**TASK STATEMENT**
Everything in the listing below must be reproduced exactly, apart from its images.

**DATA FOR PROCESSING**
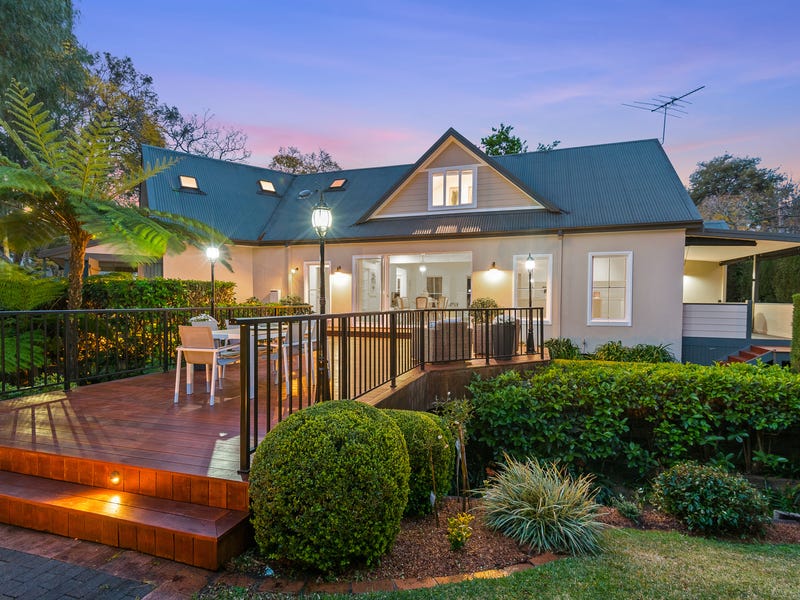 12 Chilton Parade, Warrawee, NSW 2074 Property Details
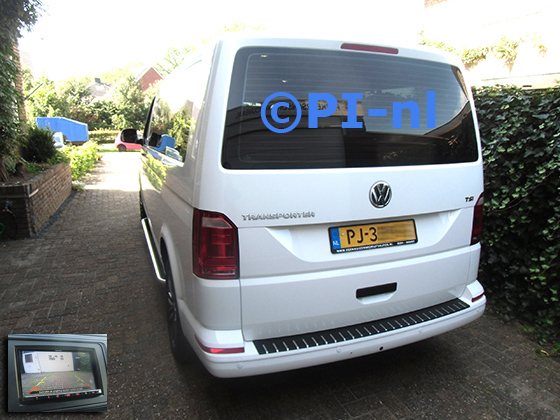 Parkeersensoren (set D 2023) ingebouwd door PI-nl in een Volkswagen Transporter T6 Starline met canbus uit 2017. Het beeld van de set met bumpercamera en sensoren werd aangesloten op een eigen (Kenwood) scherm.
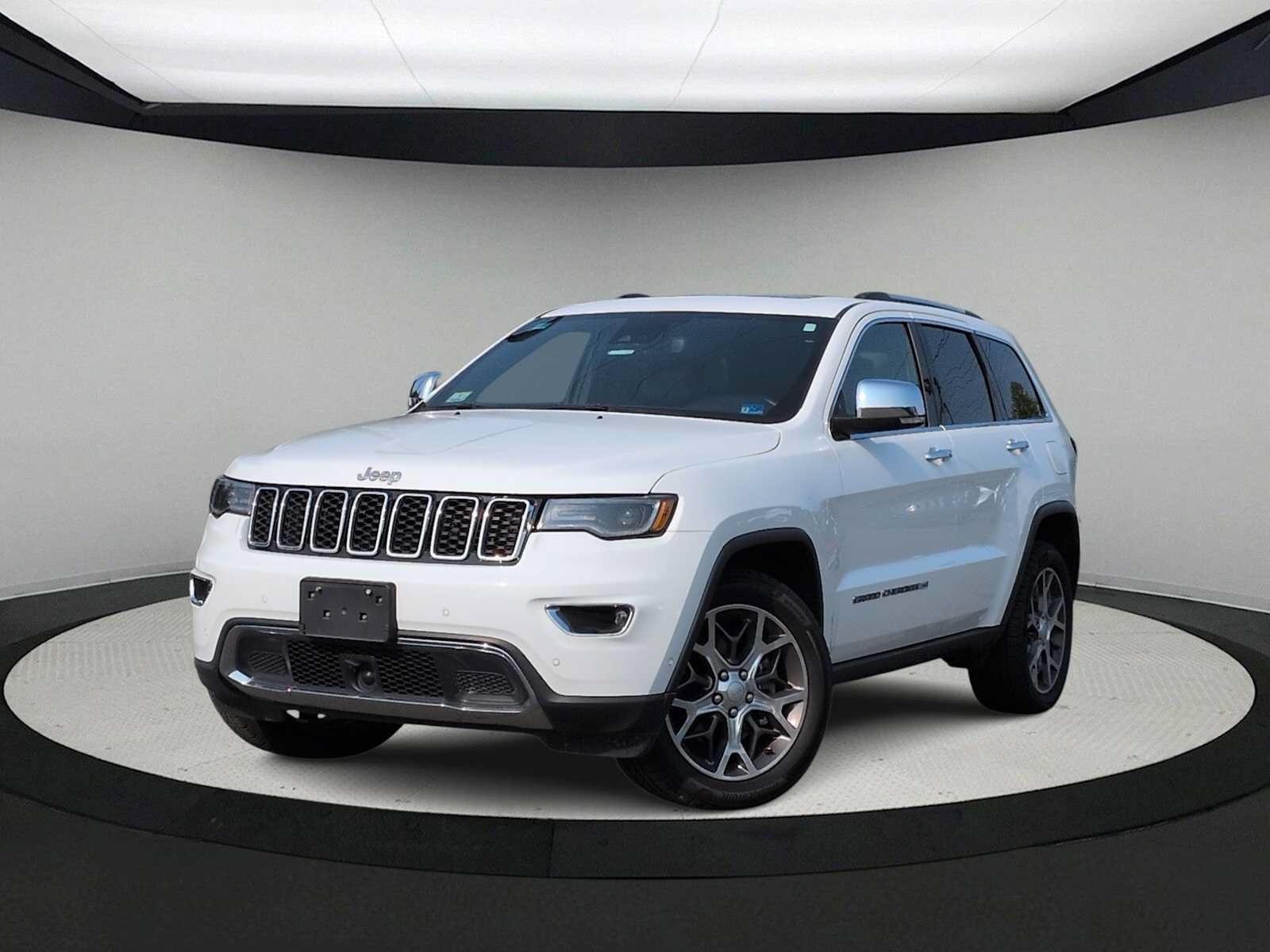 Used 2022 Jeep Grand Cherokee Limited w/ Tech Group AWD/4WD image 1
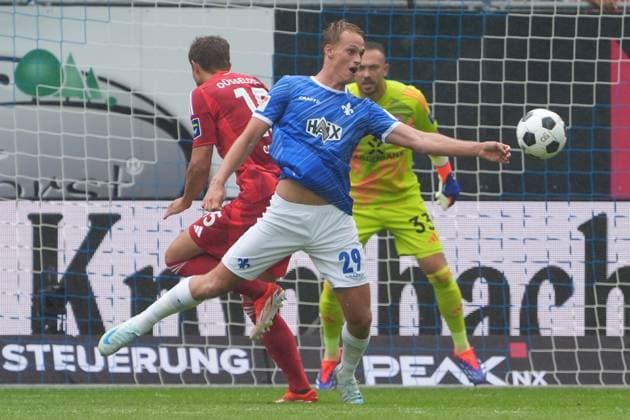 Oscar Vilhelmsson SV Darmstadt 98, 29 attacks 04 08 2024 2 Bundesliga, season 24 25 SV Darmstadt 98 vs Fortuna Düsseldorf, Stadion am Boellenfalltor, emonline, emspor,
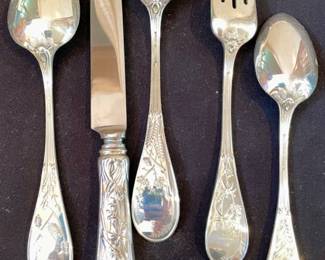 Tiffany & Co. Audubon 925 Sterling Flatware 104 pc in total.  Includes: 16 each of Dinner Knives, Dinner Forks, Salad Forks, Teaspoons; 8 soup spoons; 15 butter spreaders; 10 appetizer or seafood forks; and the following serving pieces- a pie server, spreader, meat fork, cold fork, 2 serving spoons, and a soup ladle..  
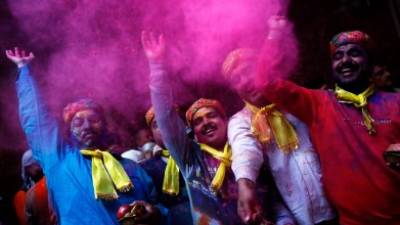 Holi, un festival que llena de colores a India Holi, un festival que llena de colores a India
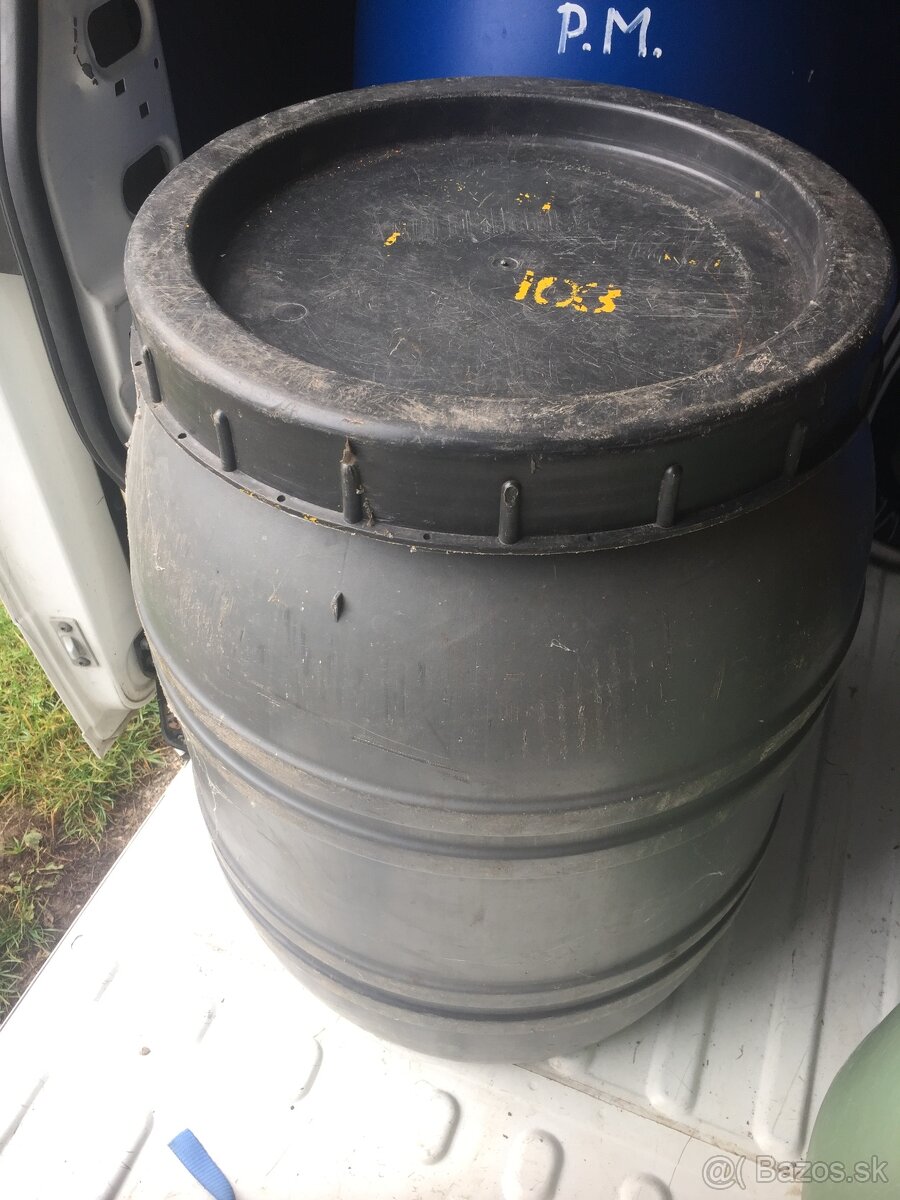 Plastový sud so šrobovacím deklom, 80 litrový.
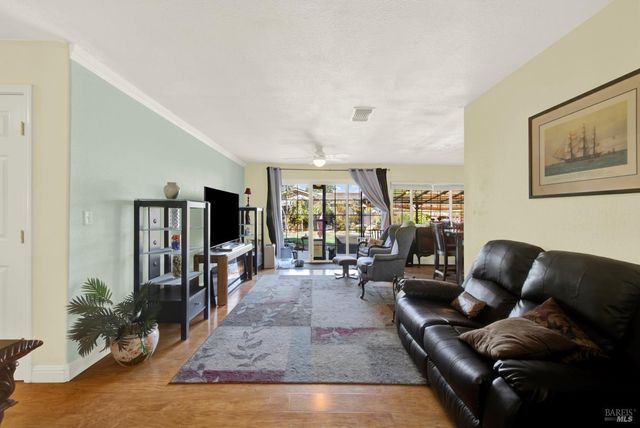 706 Blue Ridge Ln, Vacaville, CA 95688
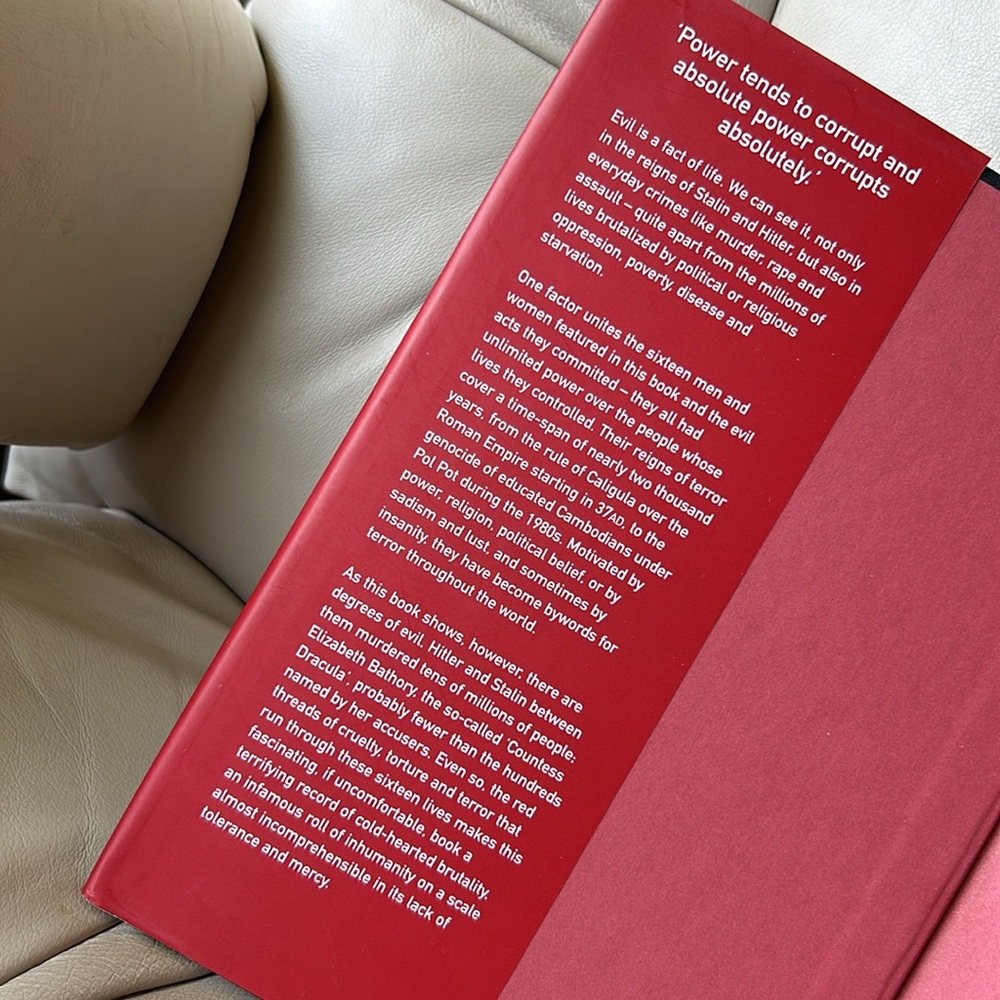 Books - Picture 4 of 13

**COMPLETED EXERCISE**
 12 Chilton Parade, Warrawee, NSW 2074 Property Details
 Parkeersensoren (set D 2023) ingebouwd door PI-nl in een Volkswagen Transporter T6 Starline met canbus uit 2017. Het beeld van de set met bumpercamera en sensoren werd aangesloten op een eigen (Kenwood) scherm.
 Used 2022 Jeep Grand Cherokee Limited w/ Tech Group AWD/4WD image 1
 Oscar Vilhelmsson SV Darmstadt 98, 29 attacks 04 08 2024 2 Bundesliga, season 24 25 SV Darmstadt 98 vs Fortuna Düsseldorf, Stadion am Boellenfalltor, emonline, emspor,
 Tiffany & Co. Audubon 925 Sterling Flatware 104 pc in total.  Includes: 16 each of Dinner Knives, Dinner Forks, Salad Forks, Teaspoons; 8 soup spoons; 15 butter spreaders; 10 appetizer or seafood forks; and the following serving pieces- a pie server, spreader, meat fork, cold fork, 2 serving spoons, and a soup ladle..  
 Holi, un festival que llena de colores a India Holi, un festival que llena de colores a India
 Plastový sud so šrobovacím deklom, 80 litrový.
 706 Blue Ridge Ln, Vacaville, CA 95688
 Books - Picture 4 of 13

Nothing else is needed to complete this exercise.